16. Dra. RA Esti Andayani sebagai Dubes RI untuk
Italia di KBRI Roma.
17. Komjen Pol (Purn) Sjahroedin Zainal Pagaralam, SH,
sebagai Dubes RI untuk Kroasia di KBRI Zagreb.
Dari
17 orang yang dilantik, ada nama yang merupakan mantan menteri. Ia adalah
Yuddy Chrisnandi yang pernah mengecap jabatan MenPAN-RB. Selain itu, Ikrar Nusa
Bhakti, pengamat dari LIPI juga masuk dalam daftar duta besar.
Fungsi
Duta Besar RI
Tanggung
jawab kesuksesan dalam menjalin hubungan antar-negara itu tidak hanya menjadi
tanggung jawab Kemenlu dan Deplu saja, karena membina hubungan yang baik dengan
negara lain baik secara politik dan ekonomi mutlak menjadi tanggung jawab
mereka yang terpilih. Bukan malah sekadar melancong. Semoga bisa mengemban
tugas dengan baik dalam rangka melaksanakan politik luar negeri kita yang bebas
aktif baik dari manapun, termasuk Poleksosbudhankam demi mencapai
kepentingan-kepentingan nasional.
Terutama
dalam usaha dan peranan Indonesia dalam ikut serta melaksanakan ketertiban
dunia yang berdasarkan kemerdekaan, perdamaian abadi, dan keadilan sosial.
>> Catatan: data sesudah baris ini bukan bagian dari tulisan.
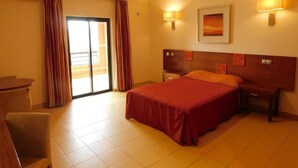A hotel room with a bed, bedside tables, a desk, and a chair. - Praia Sol (Vilamoura)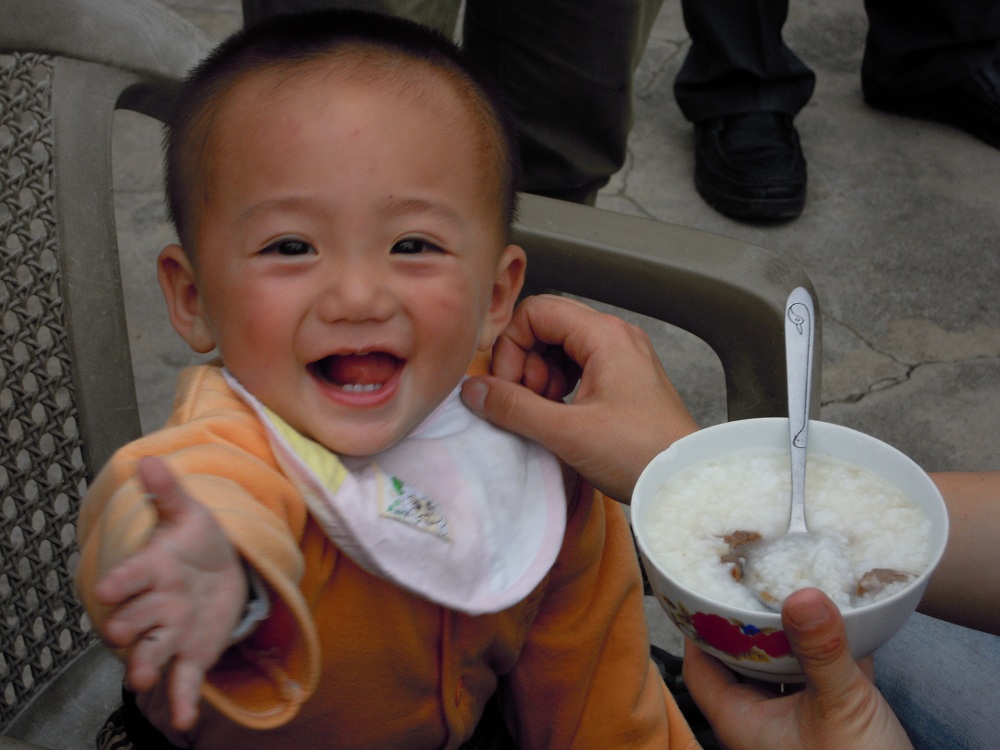 One of the few kids still staying in the Bao <b>Shan Stone</b> Village. Will he - baby-boy1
“Maka penjajahan diatas dunia harus dihapuskan, karena tidak sesuai dengan
prikemanusiaan dan prikeadilan” (Pembukaan UUD 1945). Juga dalam hal
mengembangkan dan memperkokoh ketahanan nasional, baik dalam hal pangan dan
pekerjaan sekalipun. Sehingga, tidak ada lagi masayarakat kita yang
terlunta-lunta mencari pekerjaan. Penempatan duta besar ini harus dimanfaatkan
sebesar-besarnya untuk menggalakkan perekonomian tanah air melalui investasi
oleh para investor tanpa harus menggerus usaha lokal. Serta kerjasama untuk
memberantas perdagangan obat terlarang jalur internasional, human
trafficking dan tentunya masih banyak lagi pekerjaan yang lainnya. Kami
menunggu gebrakan baru darimu, para dubes yang baru dilantik.